WORK ITEM:
Although the entries contain pictures, only their words should be duplicated exactly.

─── EXERCISE INPUT

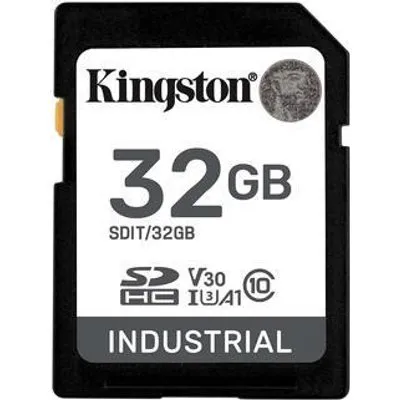 Kingston Industrial - Flash-Speicherkarte - 32GB - A1 / Video Class V30 / UHS-I U3 / Class10 - microSDHC UHS-I (SDIT/32GB)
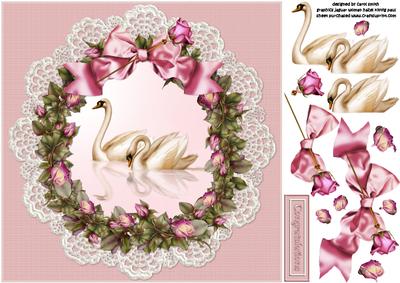 8x8 Swans and Roses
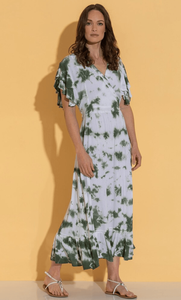 Casual Boho Tie-Dye Caftan Dress Eco-Friendly Breathable Midaxi Summer Mini Halter Neck Flared Hem Simple Sexy Style ODM Supply - Product Image 4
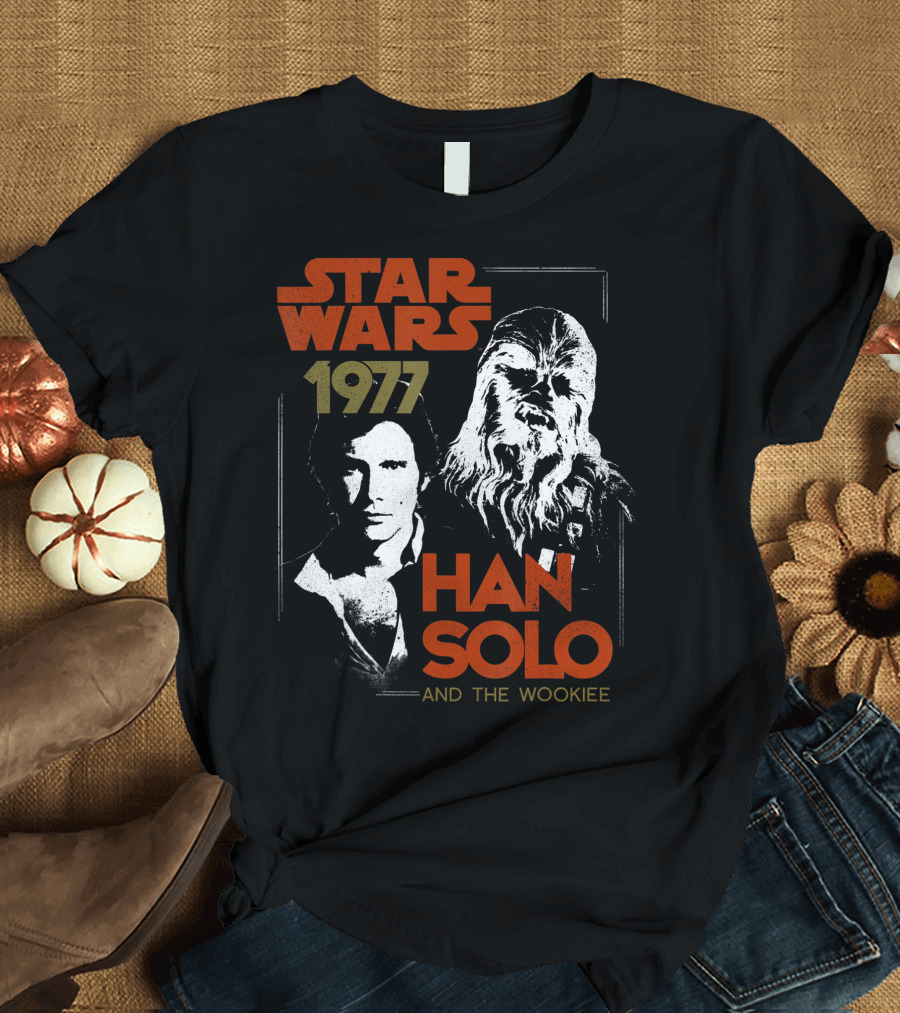 Star Wars 1977 Han Solo And The Wookiee T-Shirt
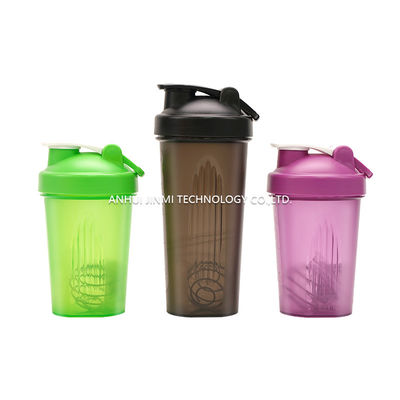600ml Fitness Plástico Preto Gym Blender Shaker Cup para Desportos Design à prova d'água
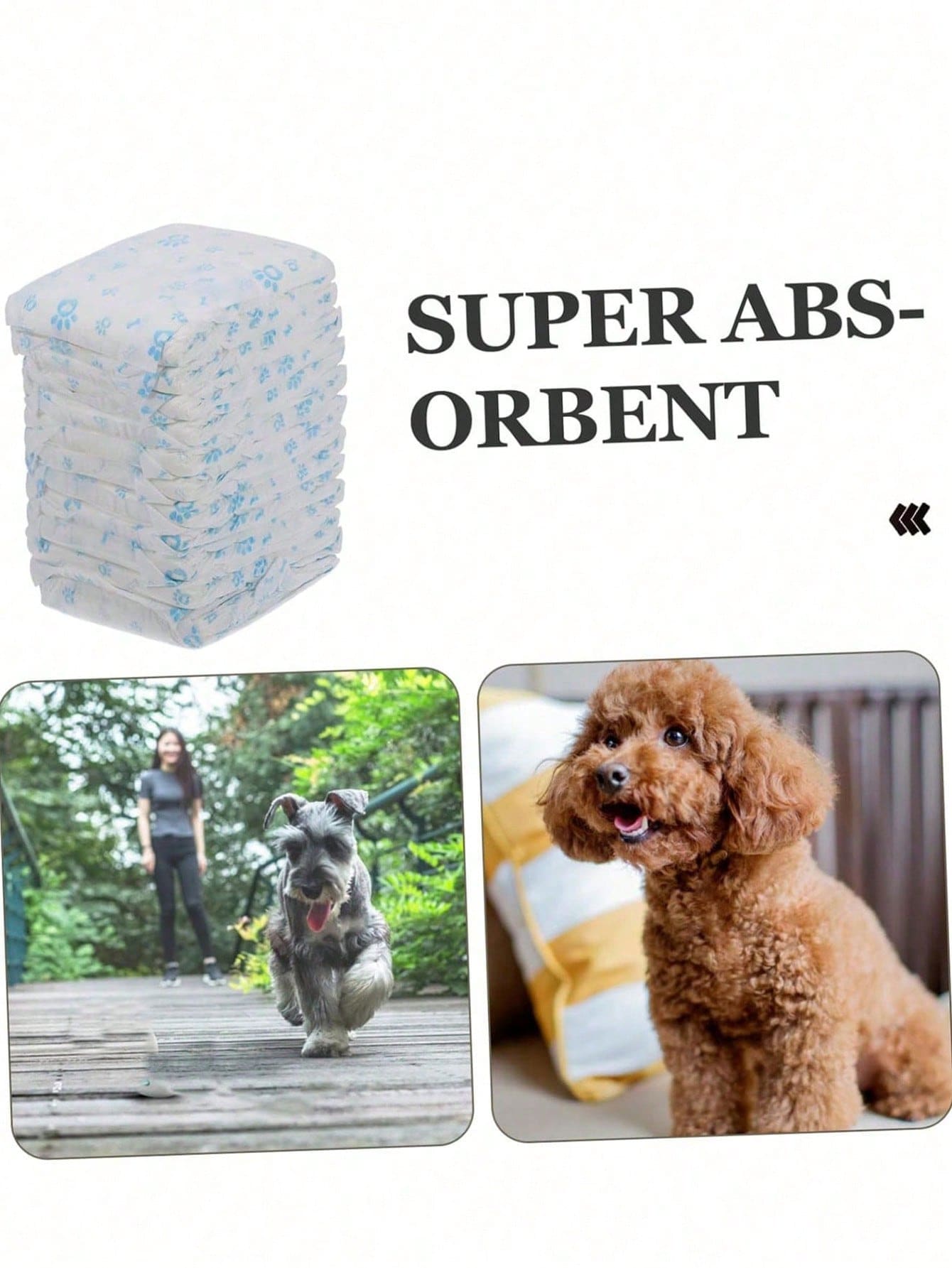 Pet Dog Diapers, Puppy Diapers, Suitable For Toy Poodle, For Pet Menstrual Period, Protect Pet Health, Best Birthday Gift For Happy Puppy, Pet Supplies, Pet Diapers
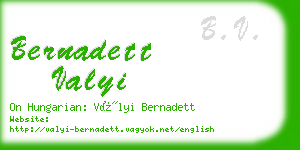 bernadett valyi business card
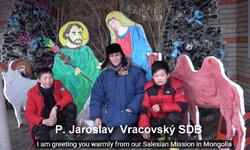 Český vánoční pozdrav z Mongolska Český vánoční pozdrav z Mongolska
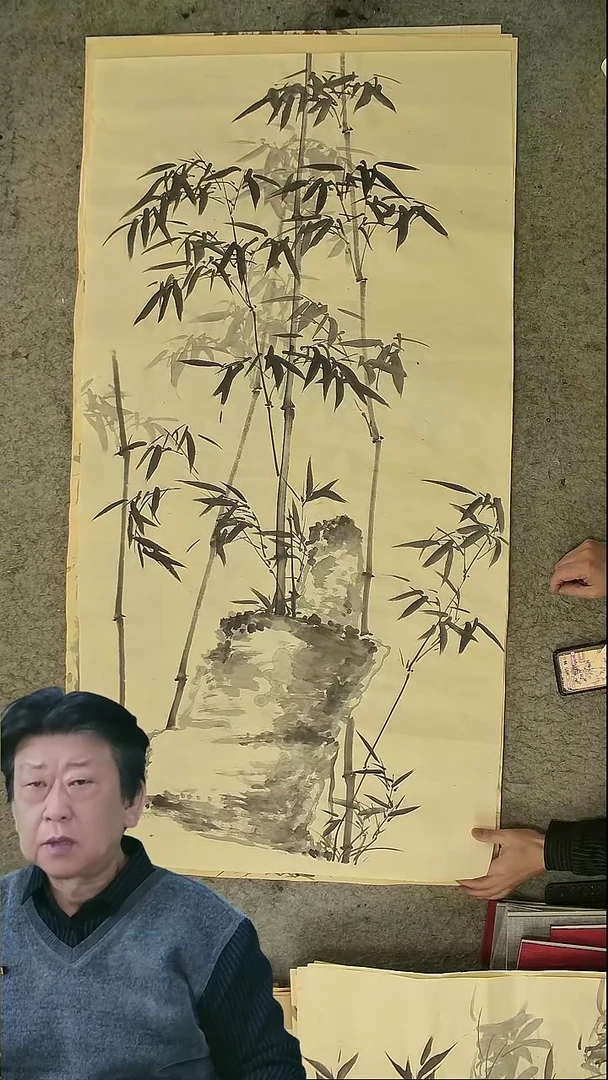 国画四尺整张  墨竹  69*138cm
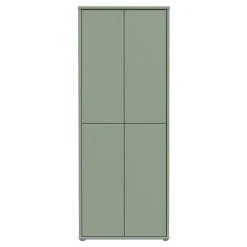 Szafy Uchylne|FORTE Szafa na buty 4-drzwiowa ALICE SPRINGS zielona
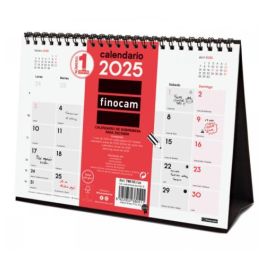 Finocam Calendario De Sobremesa Para Escribir S-210x150 mm Neutro 2025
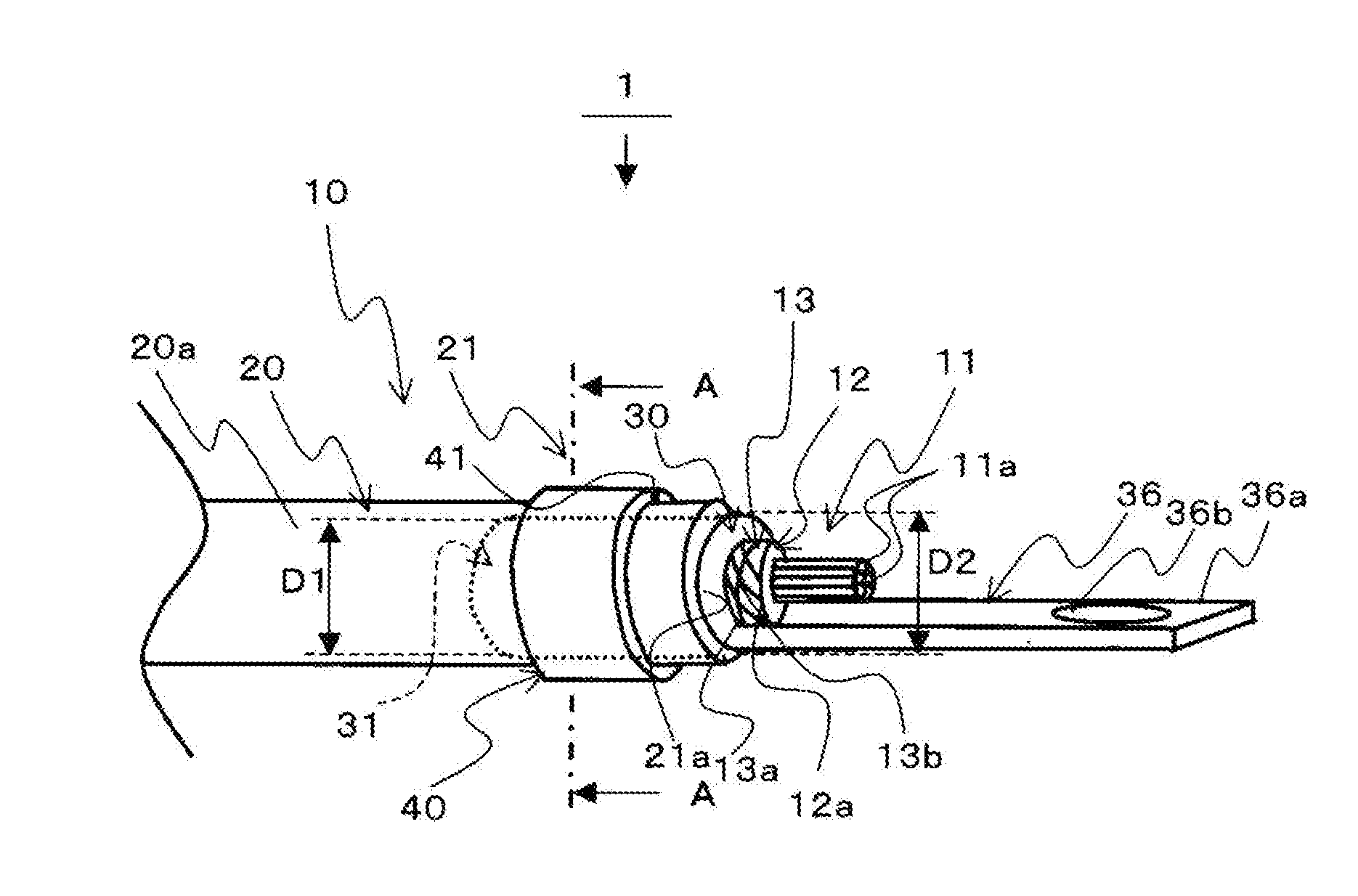 Structure of connection between coaxial cable and shield terminal, and method of connection therebetween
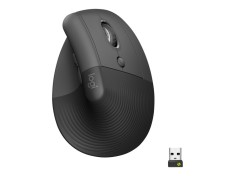 Logitech Lift for Business, Mouse Vertical Ergonomic, Wireless, Graphite
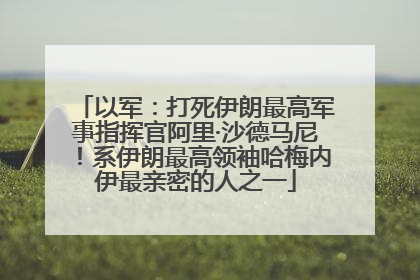 以军：打死伊朗最高军事指挥官阿里·沙德马尼！系伊朗最高领袖哈梅内伊最亲密的人之一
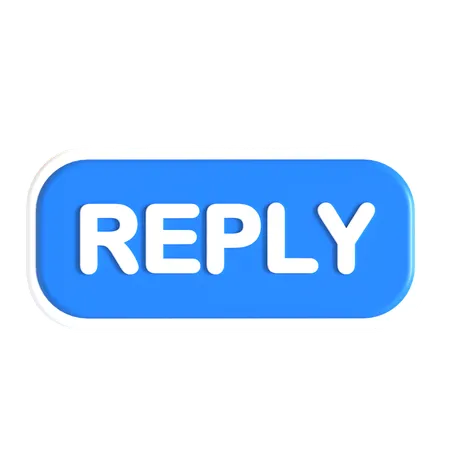 Reply Button  3D Icon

──────

YOUR SOLUTION:
 Kingston Industrial - Flash-Speicherkarte - 32GB - A1 / Video Class V30 / UHS-I U3 / Class10 - microSDHC UHS-I (SDIT/32GB)
 8x8 Swans and Roses
 Casual Boho Tie-Dye Caftan Dress Eco-Friendly Breathable Midaxi Summer Mini Halter Neck Flared Hem Simple Sexy Style ODM Supply - Product Image 4
 Star Wars 1977 Han Solo And The Wookiee T-Shirt
600ml Fitness Plástico Preto Gym Blender Shaker Cup para Desportos Design à prova d'água
 Pet Dog Diapers, Puppy Diapers, Suitable For Toy Poodle, For Pet Menstrual Period, Protect Pet Health, Best Birthday Gift For Happy Puppy, Pet Supplies, Pet Diapers
 bernadett valyi business card
 Český vánoční pozdrav z Mongolska Český vánoční pozdrav z Mongolska
 国画四尺整张  墨竹  69*138cm
 Szafy Uchylne|FORTE Szafa na buty 4-drzwiowa ALICE SPRINGS zielona
 Finocam Calendario De Sobremesa Para Escribir S-210x150 mm Neutro 2025
 Structure of connection between coaxial cable and shield terminal, and method of connection therebetween
 Logitech Lift for Business, Mouse Vertical Ergonomic, Wireless, Graphite
 以军：打死伊朗最高军事指挥官阿里·沙德马尼！系伊朗最高领袖哈梅内伊最亲密的人之一
 Reply Button  3D Icon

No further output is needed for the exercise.